Re: [dm-devel] REQUEST for new 'topology' metrics to be moved out of the 'queue' sysfs directory.
From: Jens Axboe <hidden>
Date: 2009-06-29 10:18:41
Also in:
dm-devel, linux-fsdevel, linux-ide, linux-scsi, lkml
On Sat, Jun 27 2009, Neil Brown wrote:
quoted
There's no such thing as first or second class block devices. The fact that drivers using ->make_request_fn directly do not utilize the full scope of the queue isn't a very interesting fact, imho.Your phrase "drivers using ->make_request_fn directly" seems to suggest you are looking at things very differently to me. From my perspective, all drivers use ->make_request_fn equally. Some set it to "__make_request", some to "md_make_request", others to "dm_request" or "loop_make_request" etc.
Neil, will you please stop these silly games. Stop trying to invent differences based on interpretations of what you read into my replies.
Each of these different drivers need some private storage.
__make_request uses struct request_queue
md_make_request uses struct mddev_s
dm_request uses struct mapped_device
loop_make_request uses struct loop_device
etc
These structures are all attached to gendisk one way or another.
Of these examples, the first three have an extra level. They are
intermediaries or "midlayers" for multiple drivers and perform some
processing before passing the request down.
__make_request provides this for ide and scsi (etc) via ->request_fn and
->queuedata in struct request_queue (and other fields).
md_make_request provides this for raid1 and raid5 (etc) via
->pers->make_request and ->private is struct mddev_s (and other
fields).
dm_request provides this for crypt and multipath (etc) via
->map->targets[]->type->map and ->map->targets[]->private (and
other fields).Nothing - I repeat nothing - stops md/dm from removing that layer.
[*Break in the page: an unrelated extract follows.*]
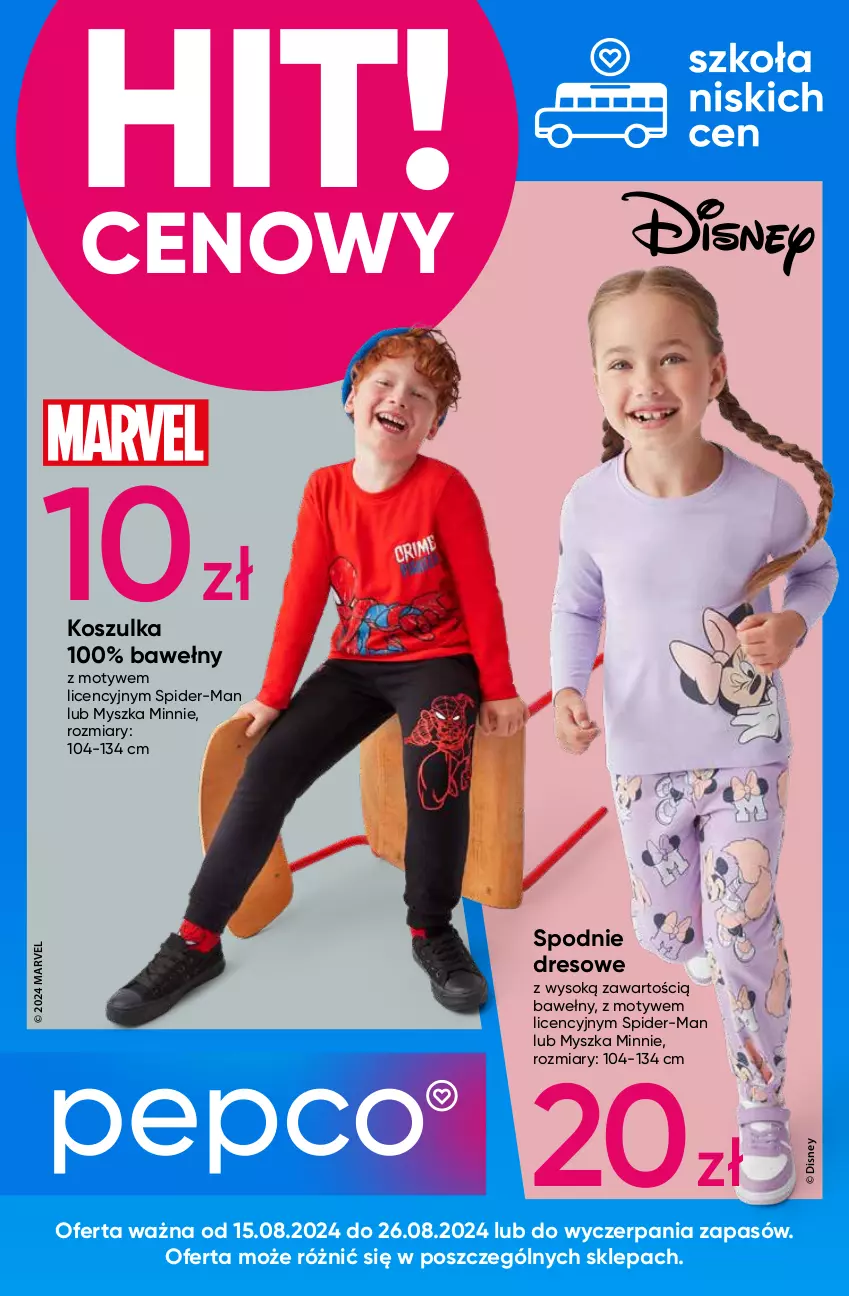 Gazetka promocyjna Pepco - Disney – Marvel - ważna 15.08 do 21.08.2024 - strona 1 - produkty: Disney, Dres, Kosz, Koszulka, Minnie, Mysz, Sok, Spodnie, Spodnie dresowe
It's a layer they imposed themselves based on the design they chose to implement internally. It has NOTHING to do with how the block layer is designed. If md raid1 assigned raid1_dev (or whatever raid1 uses a its device identifier structure) to ->queuedata, and had an mddev_s in its raid1 structure, that would be a perfectly viable design as well. Loop does that. md/dm have their own internal layering, if anything is a "midlayer" (to keep to the apparent theme of design patterns), it's the code md and dm bits.
Looked at from this perspective, the fact that some drivers 'do not utilise the full scope of the queue' certainly isn't the interesting point. The interesting point is that they have to use parts of the queue at all. And from this perspective, __make_request is a class above everything else. __make_request gets a dedicate field in gendisk (->queue) and every driver has to provide a queue. Other (lower class) drivers get to share gendisk->private_date and/or gendisk->queue->queuedata.